Comp 210 Lab 12: C Pitfalls

Table of Contents

  • Cotchas (C Gotchas)
  • Segmentation Faults and Bus Errors
  • Other Selected Error Messages
  • This lab will discuss some common C pitfalls. You can also browse the C FAQ from comp.lang.c. Disclaimer: some of the constructs advised against here are occaisionally justifiable. Our warnings are only guidlines, but don't ignore them unless you know what you're doing.

    Cotchas (C Gotchas)

  • C is int-ocentric.
    C considers all sorts of different things as interchangable with int.
    Most importantly, it conflates int with bool. If it sees an integer in a boolean context, it considers 0 as false and 1 (or anything else) as true. Don't partake of this confusion -- use int or bool depending on what you mean. Just because C lets you do something doesn't that you should.
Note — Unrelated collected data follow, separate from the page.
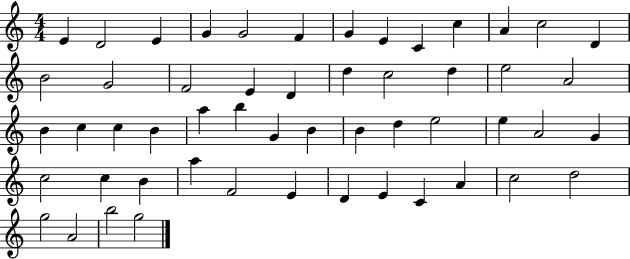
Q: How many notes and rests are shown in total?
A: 53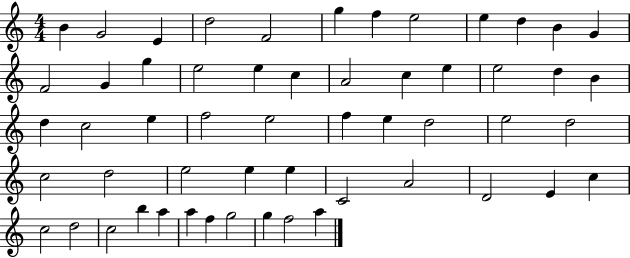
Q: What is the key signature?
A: C major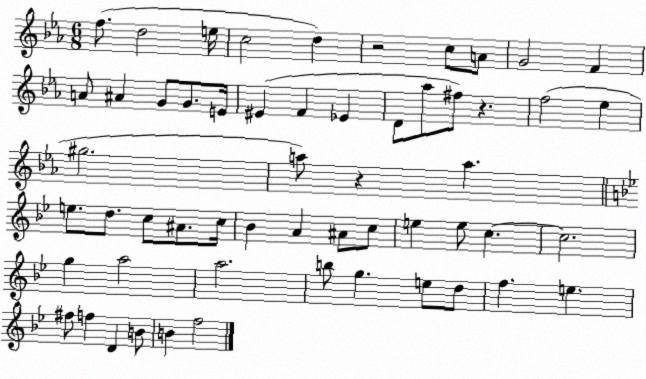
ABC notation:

X:1
T:Untitled
M:6/8
L:1/4
K:Eb
f/2 d2 e/4 c2 d z2 c/2 A/2 G2 F A/2 ^A G/2 G/2 E/4 ^E F _E D/2 _a/2 ^f/2 z f2 _e ^g2 a/2 z a e/2 d/2 c/2 ^A/2 c/4 _B A ^A/2 c/2 e e/2 c c2 g a2 a2 b/2 g e/2 d/2 f e ^f/2 f D B/2 B f2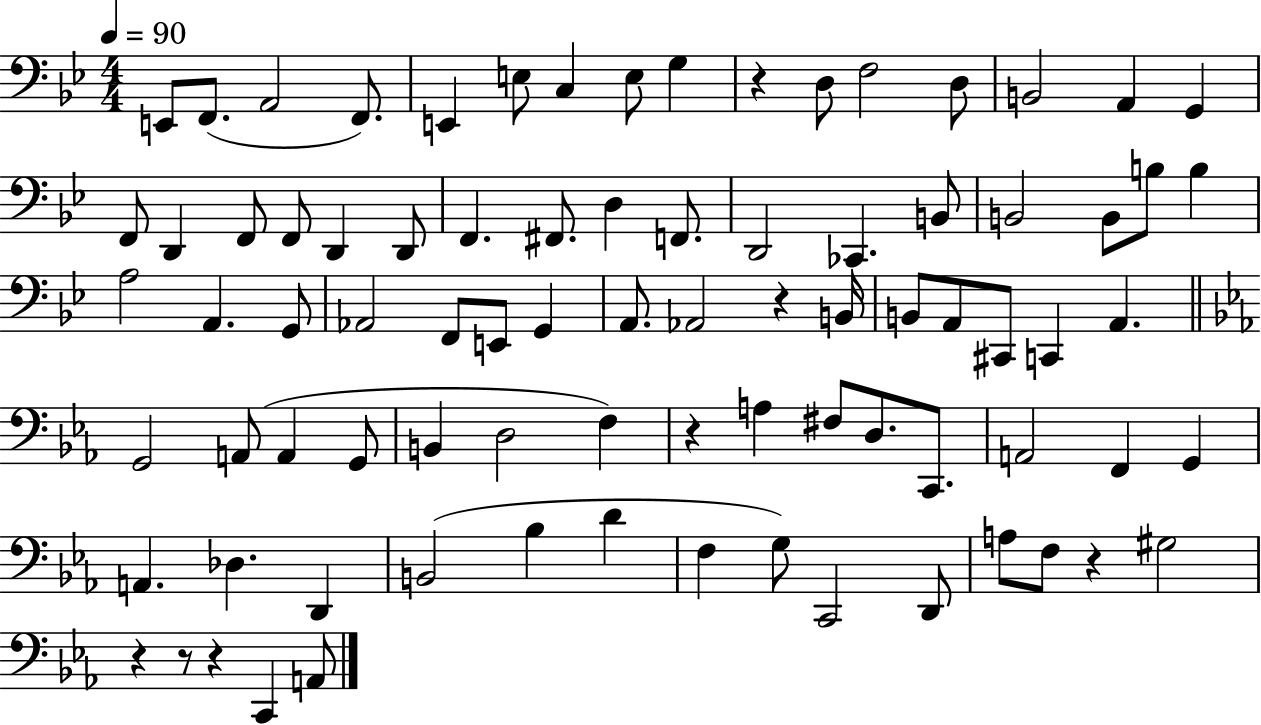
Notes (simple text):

E2/e F2/e. A2/h F2/e. E2/q E3/e C3/q E3/e G3/q R/q D3/e F3/h D3/e B2/h A2/q G2/q F2/e D2/q F2/e F2/e D2/q D2/e F2/q. F#2/e. D3/q F2/e. D2/h CES2/q. B2/e B2/h B2/e B3/e B3/q A3/h A2/q. G2/e Ab2/h F2/e E2/e G2/q A2/e. Ab2/h R/q B2/s B2/e A2/e C#2/e C2/q A2/q. G2/h A2/e A2/q G2/e B2/q D3/h F3/q R/q A3/q F#3/e D3/e. C2/e. A2/h F2/q G2/q A2/q. Db3/q. D2/q B2/h Bb3/q D4/q F3/q G3/e C2/h D2/e A3/e F3/e R/q G#3/h R/q R/e R/q C2/q A2/e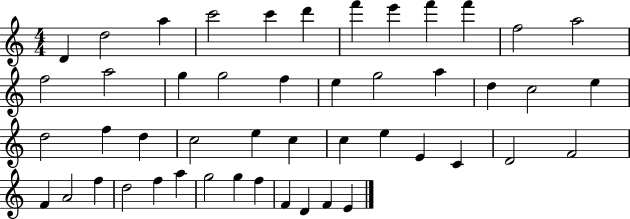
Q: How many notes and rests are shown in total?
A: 48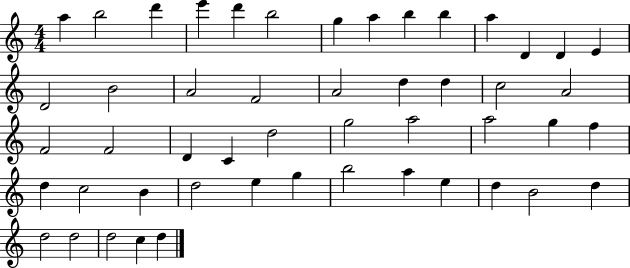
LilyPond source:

{
  \clef treble
  \numericTimeSignature
  \time 4/4
  \key c \major
  a''4 b''2 d'''4 | e'''4 d'''4 b''2 | g''4 a''4 b''4 b''4 | a''4 d'4 d'4 e'4 | \break d'2 b'2 | a'2 f'2 | a'2 d''4 d''4 | c''2 a'2 | \break f'2 f'2 | d'4 c'4 d''2 | g''2 a''2 | a''2 g''4 f''4 | \break d''4 c''2 b'4 | d''2 e''4 g''4 | b''2 a''4 e''4 | d''4 b'2 d''4 | \break d''2 d''2 | d''2 c''4 d''4 | \bar "|."
}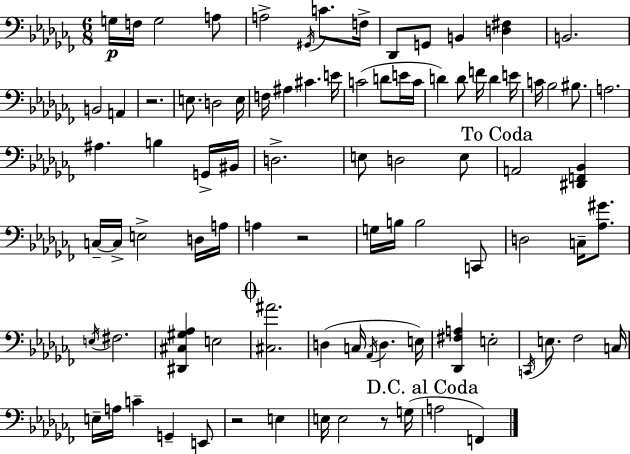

We'll see some examples below.
    (Deep down, C also considers char to be the same as int, considering 'a' the same as 97 (on ASCII-based machines). This is non-portable; you should avoid exploiting C's confusion if avoidable.)

  • = vs ==
    x == 14 is a boolean expression returning true or false. x = 14, pronounced "x gets 14", does two distinct things: as an operator, it assigns 14 to the placeholder x. Moreover, as an expression, this whole thing has the value 14. Usually this value is thrown away, as in x = 14;. However it is admittedly convenient to be able to sometimes initialize several variables at once: x = (y = (z = 0));. The parentheses are optional.

    However, in if (x=0) y=z;, the value of x=0 (which is always 0) is now mis-interpreted as a boolean value, as mentioned above. So the body of the if statement will never ever be executed. When (not if) you do this, you'll hopefully get a compiler warning, something about assignment in parenthesized context.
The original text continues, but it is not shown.